Cour administrative d'appel de Bordeaux — Décision N° CAA33-22BX02373

jeudi 4 juillet 2024

JuridictionCour administrative d'appel de Bordeaux
SectionCour administrative d'appel de Bordeaux
N° DossierCAA33-22BX02373
TypeDécision
Recoursplein contentieux
PublicationC
Formation1ère chambre - formation à 3

Texte intégral

Vu la procédure suivante :

Procédure contentieuse antérieure :

Mme B A a demandé au tribunal administratif de Mayotte d'annuler la décision du 4 décembre 2019 par laquelle le vice-recteur de Mayotte a rejeté sa demande de remboursement partiel de loyer à compter de la rentrée 2018.

Par un jugement n°2001014 du 1er juillet 2022, le tribunal administratif de Mayotte a annulé la décision du 4 décembre 2019.

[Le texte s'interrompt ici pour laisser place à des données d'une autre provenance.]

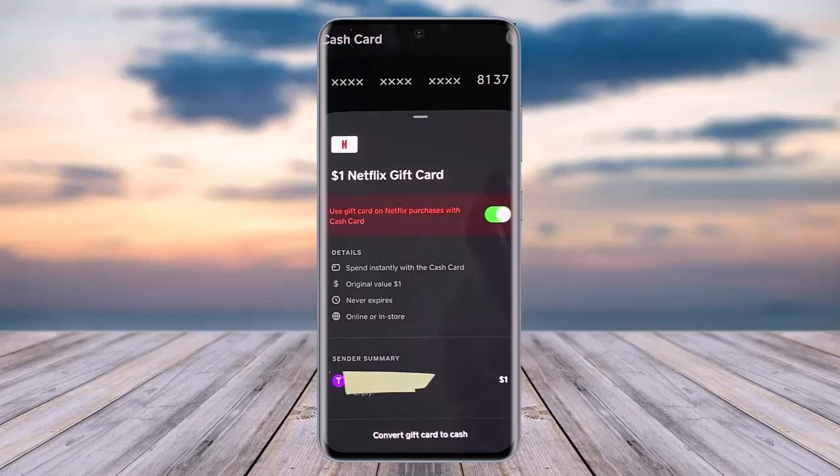To redeem any gift card you have received on Cash App, you have to redeem it within the Cash Card. You can instantly spend it with the Cash Card. The original value is one dollar, it never expires, and you can also choose to spend it online or in store.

Procédure devant la cour :

I. Par une requête, enregistrée sous le n° 22BX02373 le 2 septembre 2022, le recteur de l'académie de Mayotte demande à la cour :

1°) d'annuler ce jugement du tribunal administratif de Mayotte du 1er juillet 2022 ;

2°) de rejeter les conclusions de Mme A tendant à l'annulation de la décision du 4 décembre 2019.

Il soutient qu'il n'a pas commis d'erreur manifeste d'appréciation en refusant de faire droit à la demande d'indemnité de remboursement partiel de loyer de Mme A dès lors que :

- l'indemnité de remboursement partiel des loyers a vocation à s'adresser exclusivement aux agents dont la prise de logement sur le territoire d'outre-mer procède immédiatement de leur affectation ;

- la résidence habituelle correspond au lieu de résidence stable, lequel est déterminé essentiellement par le lieu de résidence effectif et d'exercice professionnel ;

- l'instruction d'une demande d'indemnité de remboursement partiel des loyers sur le fondement du centre des intérêts matériels et moraux emporte une rupture d'égalité entre les agents du service public de l'éducation nationale ; le critère de la résidence habituelle prévu par le décret n°67-1039 du 29 novembre 1967 ne saurait donc être examiné au regard du centre des intérêts matériels et moraux ;

- la résidence habituelle de Mme A se situe à Mayotte dès lors qu'elle réside et travaille à Mayotte depuis 2015.

Par ordonnance du 3 avril 2024, la clôture d'instruction initialement fixée au 12 avril 2024 a été reportée au 27 mai 2024.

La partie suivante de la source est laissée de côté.